Von Alexander Hagelüken

Sich viel mehr leisten können als Oma und Opa - und die eigenen Kinder werden es noch besser haben: Dieses Versprechen vom Aufstieg ließ die Nachkriegsdeutschen wirtschaftlich zufrieden sein. Inzwischen hat sich die Stimmung geändert: Millionen Bürger bemerken, dass ihr Wohlstand stagniert. Neue Daten zeigen: Wer 1983 oder danach geboren ist, gehört seltener zur Mittelschicht als seine Eltern. Von wegen die Kinder haben es besser.

Nur 60 Prozent der sogenannten Millenials verfügen im Alter von 20 bis 29 Jahren über ein mittleres Einkommen, so die internationale Wirtschafts- und Entwicklungsorganisation OECD. Bei den zwischen 1942 und 1982 Geborenen lag dieser Anteil bei 70 Prozent. Die OECD, Denkfabrik der Industriestaaten, nennt ihre neue Studie "Die gequetschte Mittelschicht". Daraus geht hervor, dass viele Bürger zu Recht sagen, ihre finanzielle Situation bessere sich nicht. In den meisten Industriestaaten sind die mittleren Einkommen in den vergangenen zehn Jahren kaum gestiegen, anders als die der Reichen. Wie in Deutschland schrumpfte in den meisten Ländern die Mittelschicht, der weite Teile der Bevölkerung angehören wollen, weil sie Reichtum für unrealistisch halten und kein Mitglied unterer Schichten sein wollen. Nach Ansicht zahlreicher Beobachter hat der Frust über den schwieriger gewordenen Aufstieg politische Konsequenzen.

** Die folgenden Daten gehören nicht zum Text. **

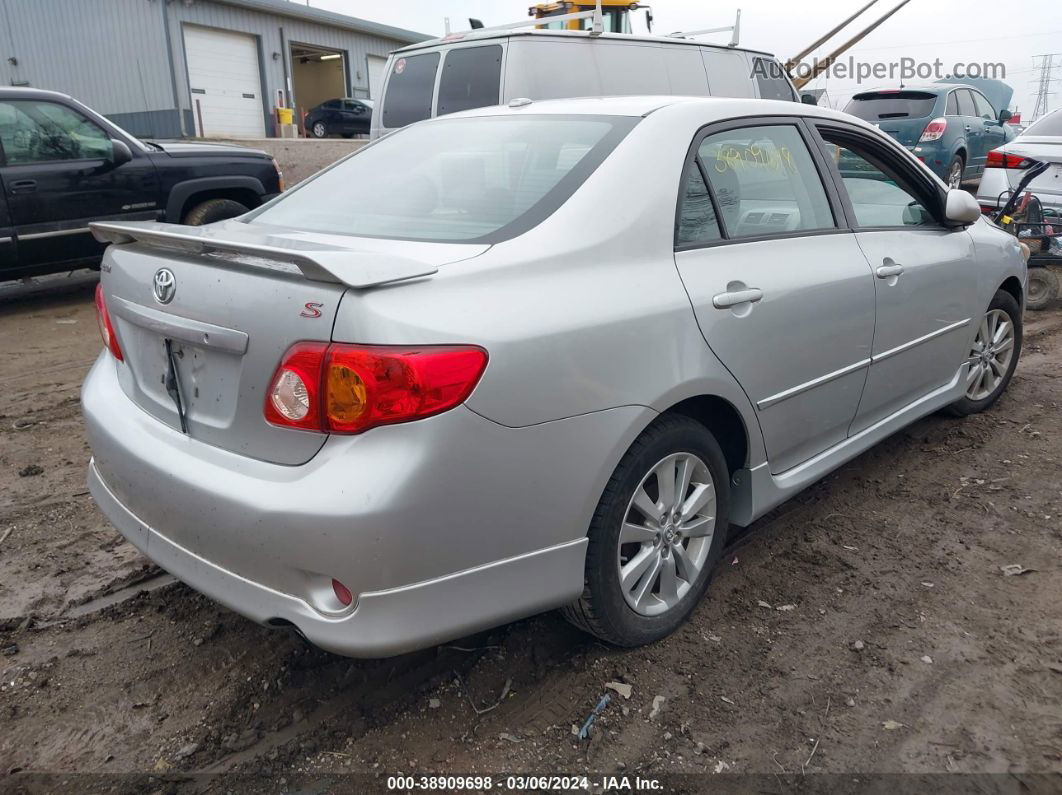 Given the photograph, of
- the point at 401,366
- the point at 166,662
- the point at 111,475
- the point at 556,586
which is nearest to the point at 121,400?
the point at 111,475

Der Aufstieg der Rechtspopulisten von Donald Trump bis zur AfD "geht einher mit dem Niedergang der Mittelschicht in praktisch allen Industrieländern", analysiert der US-amerikanische Ökonom Branko Milanović, Autor von Büchern wie "Die ungleiche Welt". "Die Mittelklasse gleicht einem Boot in stürmischer See", sagt OECD-Generalsekretär Angel Gurría. "Regierungen müssen den Lebensstandard der Mitte schützen und verbessern. Das schafft nachhaltiges Wachstum und ein stabileres soziales Gefüge."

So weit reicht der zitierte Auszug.